Dans ce deuxième cours, nous nous sommes intéressés à la perception de la hauteur tonale, ou pitch, trait essentiel de la perception musicale. C’est l’un des traits les plus étudiés de la perception auditive. Les mécanismes de la détection du pitch sont en grande partie déterminés par la physiologie cochléaire.
Dans un premier temps, nous avons passé en revue les données psychoacoustiques sur la perception du pitch. La sensation de hauteur tonale a été introduite en prenant pour exemple les sons harmoniques complexes émis par des instruments de musique, et leur représentation spectro-temporelle. Après avoir rappelé la décomposition de Joseph Fourier d’un son périodique comme une superposition de sons harmoniques (sons de fréquences multiples d’une même fréquence fondamentale), nous avons discuté des propriétés d’invariance du pitch des sons harmoniques complexes (par rapport aux changements d’intensité des sons ou autres perturbations acoustiques), qui nous permettent de suivre la ligne mélodique d’un morceau comme la variation de la fréquence fondamentale en fonction du temps. Un des traits remarquables de cette invariance est le phénomène d’extraction de la fréquence fondamentale manquante, que nous avons illustré par des exemples de sons synthétiques.
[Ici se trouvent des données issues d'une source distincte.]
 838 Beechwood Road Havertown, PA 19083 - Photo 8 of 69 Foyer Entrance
Nous avons ensuite abordé la caractérisation psychoacoustique de la sensation de hauteur tonale, fondée sur la détermination des « bandes critiques » auditives et sur la distinction essentielle entre harmonique résolu et non résolu par le filtre cochléaire. Sur la base de cette caractérisation, deux principaux mécanismes de détection du pitch ont été discutés : l’extraction « temporelle » mettant en jeu le codage temporel des sons déjà décelable dans le nerf auditif et l’extraction « spectrale » impliquant la tonotopie cochléaire. Ces deux mécanismes se distinguent par des propriétés d’invariance différentes : l’extraction spectrale du pitch est largement insensible aux manipulations de phase des harmoniques, mais se trouve perturbée par des défauts d’harmonicité ; inversement, l’extraction temporelle est sensible aux manipulations de phases et peu sensible à aux distorsions du spectre. Ces différences sont au mieux mises en lumière par l’analyse des caractéristiques de la détection du pitch en relation avec le caractère résolu ou non résolu des harmoniques.
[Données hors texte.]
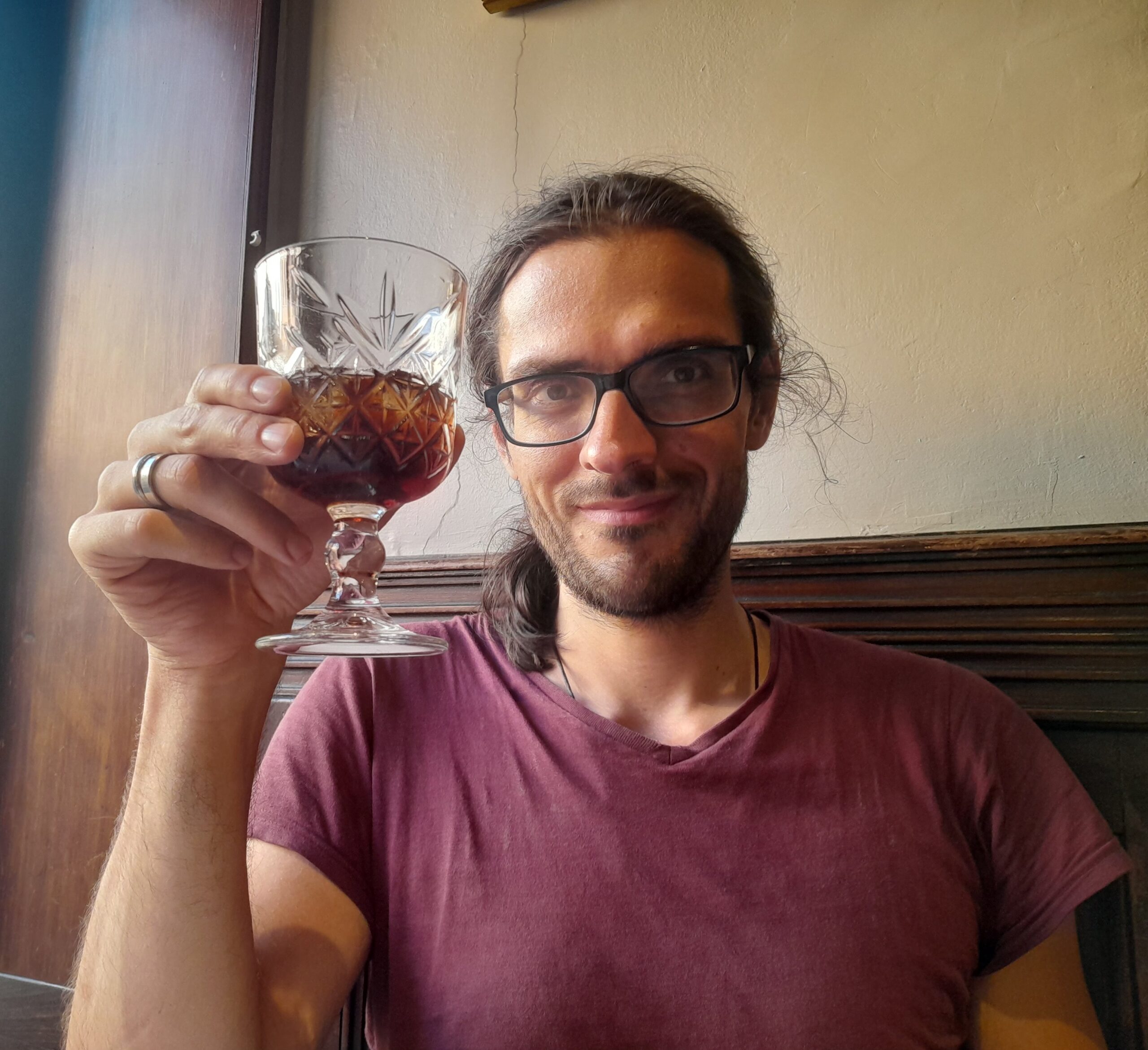 Stephan Riedl mit Glas Cola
Dans la seconde partie, nous avons abordé les aspects centraux de la perception du pitch. Les recherches actuelles visent principalement à comprendre son codage au niveau du cortex auditif. Deux articles récents de Daniel Bendor, Michael Osmanski, Xiaoqin Wang, et d’autres (Bendor, Wang, 2005 ; Bendor et al., 2012 ; Song et al., 2016), ont été discutés, qui fournissent la première mise en évidence de neurones détectant spécifiquement le pitch au sein du cortex auditif. Ces études éclairent le débat sur les mécanismes temporel et spectral de l’extraction du pitch, en montrant l’existence de différents types de neurones du cortex auditif qui sont sensibles au pitch, mais dont les propriétés de réponse sont en accord soit avec l’un, soit avec l’autre mécanisme. Ces travaux fournissent la première démonstration expérimentale de l’existence d’un centre du pitch dans le cortex auditif primaire, situé au niveau de sa frontière antéro-latérale dans une région codant les basses fréquences sonores.